The analysis also revealed transcription factors with enhanced activity in cancer, DNA methylation differences linked to chromatin accessibility, long-range regulatory interactions that seemed to impact cancer development or progression, and regulatory element activity that appeared to coincide with immune responses to the tumors.
"These data reveal genetic risk loci of cancer predisposition as active DNA regulatory elements in cancer, identifying gene-regulatory interactions underlying cancer immune evasion, and pinpoint non-coding mutations that drive enhancer activation and may affect patient survival," the authors wrote. "As the chromatin accessibility landscape of additional primary cancer samples are profiled, we anticipate the identification of further epigenetic subdivisions with prognostic implications, potentially nominating avenues for therapeutic intervention."
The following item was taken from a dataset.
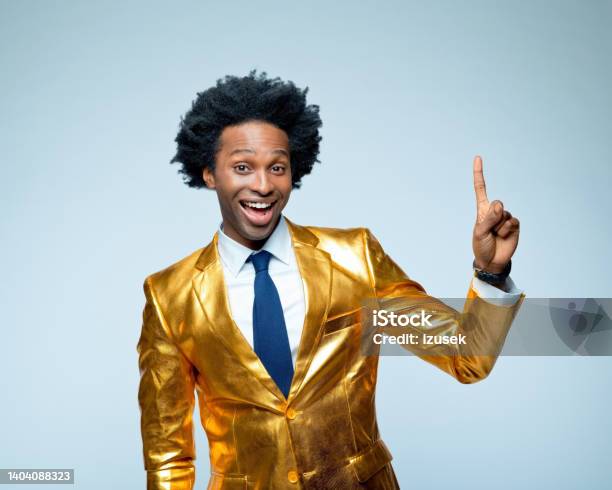 Man Laughing And Pointing In Golden Suit Stock Photo - Download Image Now - Gold Colored, 30-34 Years, Adult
In a related commentary in Science, Jussi Taipale — a biochemistry and genome-scale biology researcher affiliated with the University of Cambridge, the Karolinska Institute, and the University of Helsinki — said the functional genomics strategy at play in the chromatin mapping analysis "can begin to bridge [the] gap in our mechanistic understanding of the tumorigenic process."
Taipale noted that "it will also be necessary to develop analytical methods that can detect genomic features from minor cell populations of from single cells. Without such multi-omic maps at the cell-type level, it will be exceedingly difficult to move from genomics toward understanding the main drivers of the phenotype of individual tumors."